Illinois has, of course, addressed this issue and said yes, but with limitations. The cultivator must be an Illinois resident 21 years of age or older and a registered qualifying patient under the Compassionate Use of Medical Cannabis Program Act. Those individuals may cultivate up to 5 cannabis plants that are more than 5 inches tall, per household without a cultivation center or craft grower license.

Cannabis cultivation must take place in an enclosed, locked space. Seeds may be purchased from a dispensary for the purpose of home cultivation. Seeds may not be given or sold to any other person. The plants cannot be stored or placed in a location where they are subject to ordinary public view and reasonable precautions must be taken to keep the plants secure from unauthorized access, including to persons under 21.
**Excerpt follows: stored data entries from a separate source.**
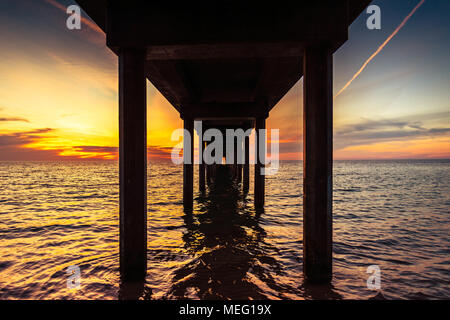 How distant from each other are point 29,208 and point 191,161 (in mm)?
9274

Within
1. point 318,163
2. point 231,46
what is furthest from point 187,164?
point 318,163

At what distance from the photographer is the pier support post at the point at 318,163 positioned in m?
3.52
Cannabis cultivation may occur only on residential property lawfully in possession of the cultivator or with the consent of the person in lawful possession of the property. An owner or lessor of residential property may prohibit the cultivation of cannabis by a lessee. Cannabis plants may only be tended by registered qualifying patients who reside at the residence, or their authorized agent attending to the residence for brief periods, such as when the qualifying patient is temporarily away from the residence.

A registered qualifying patient who cultivates more than the allowable number of cannabis plants, or who sells or gives away cannabis plants, cannabis, or cannabis-infused products produced under this Section, is liable for penalties as provided by law, including the Cannabis Control Act, in addition to loss of home cultivation privileges as established by rule.